> _What to work on_
Copy all the data exactly, except the pictures.

> _Collected material_

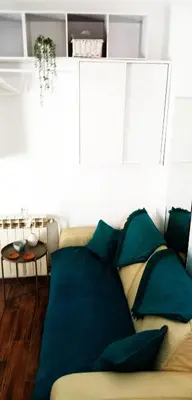 a couch with blue pillows in a living room at Cradle of Love in Belgrade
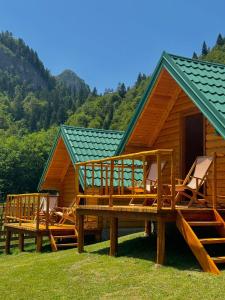 a cabin with a deck and chairs in front of it at Mountain Retreat Jelovica in Kolašin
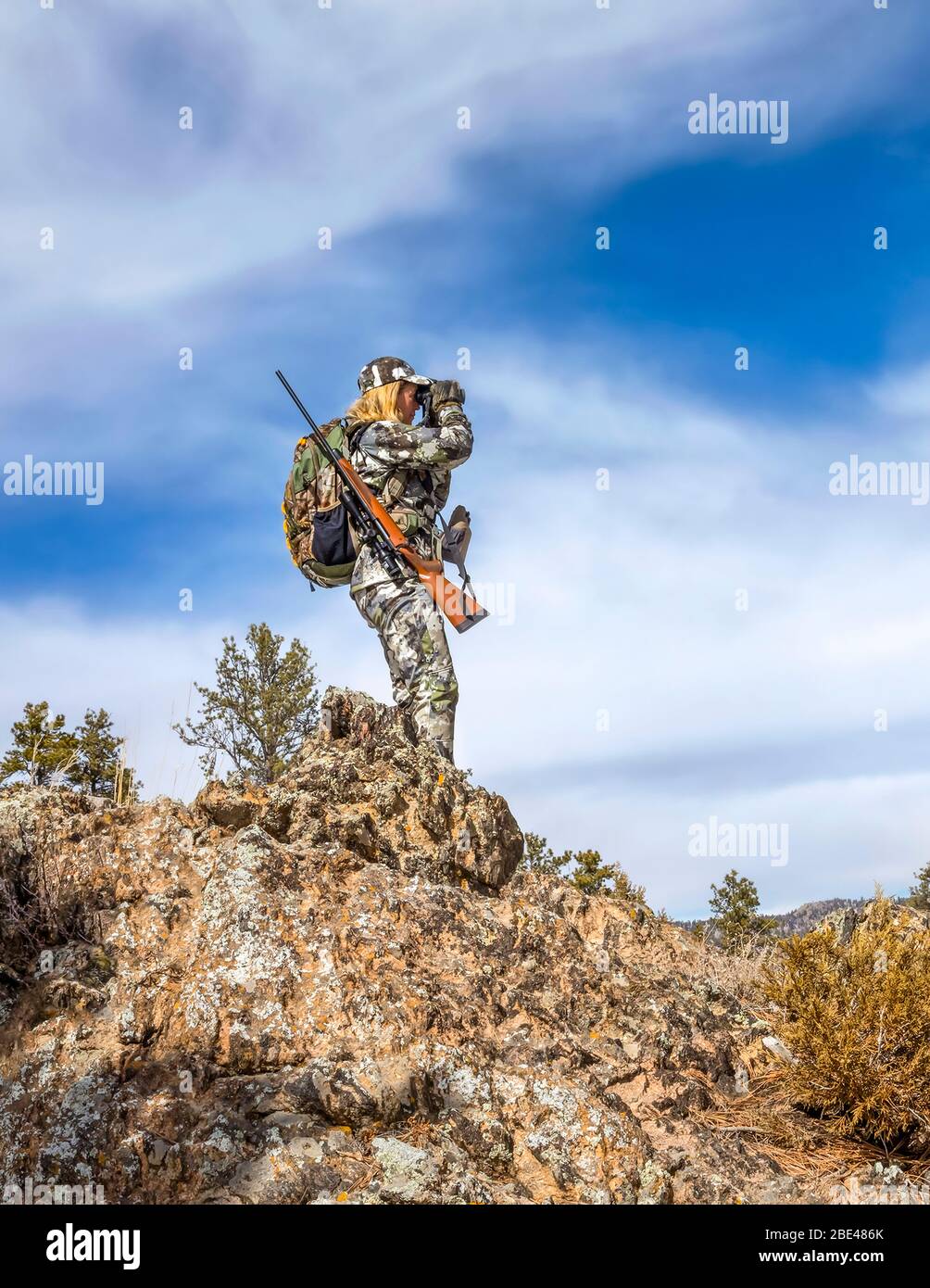 Hunter with camouflage clothing and rifle looking out with binoculars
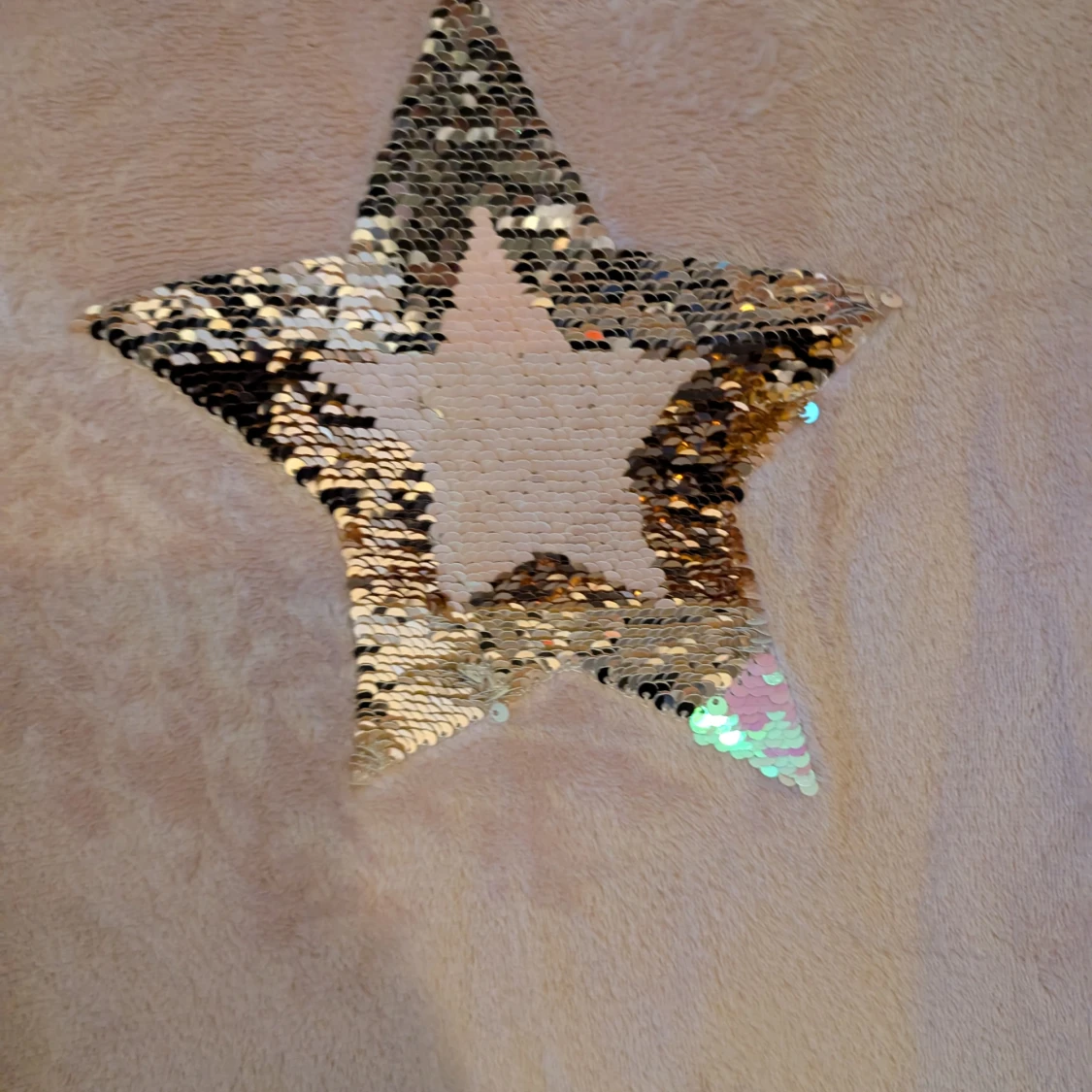 Rosa tröja med paljettstjärna - 90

> _Exercise response_
 a couch with blue pillows in a living room at Cradle of Love in Belgrade
 a cabin with a deck and chairs in front of it at Mountain Retreat Jelovica in Kolašin
 Hunter with camouflage clothing and rifle looking out with binoculars
 Rosa tröja med paljettstjärna - 90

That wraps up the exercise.